BEGIN Information
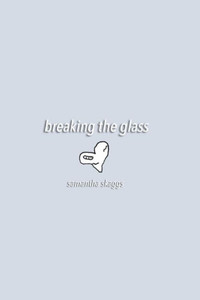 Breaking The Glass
END Information
BEGIN Information
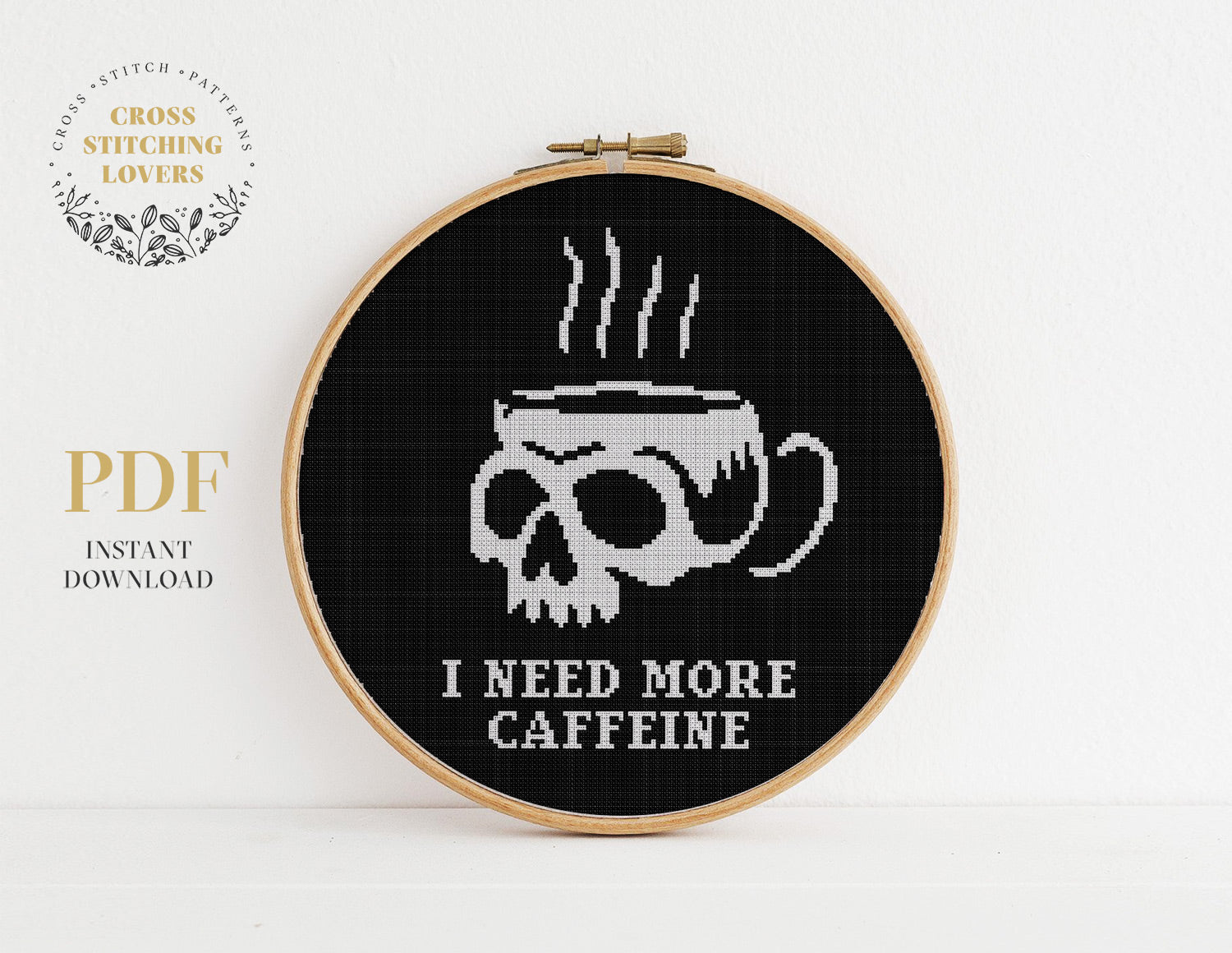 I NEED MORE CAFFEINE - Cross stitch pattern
END Information
BEGIN Information
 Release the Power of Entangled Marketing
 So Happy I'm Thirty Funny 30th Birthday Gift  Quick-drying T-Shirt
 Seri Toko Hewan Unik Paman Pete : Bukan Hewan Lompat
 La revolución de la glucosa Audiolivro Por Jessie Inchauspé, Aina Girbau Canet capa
END Information
(What to work on) Would you please copy, word for word, everything above from the line containing "Seri Toko Hewan" down to the line containing "La revolución de", those two lines included?

(Answer section)
 Seri Toko Hewan Unik Paman Pete : Bukan Hewan Lompat
 La revolución de la glucosa Audiolivro Por Jessie Inchauspé, Aina Girbau Canet capa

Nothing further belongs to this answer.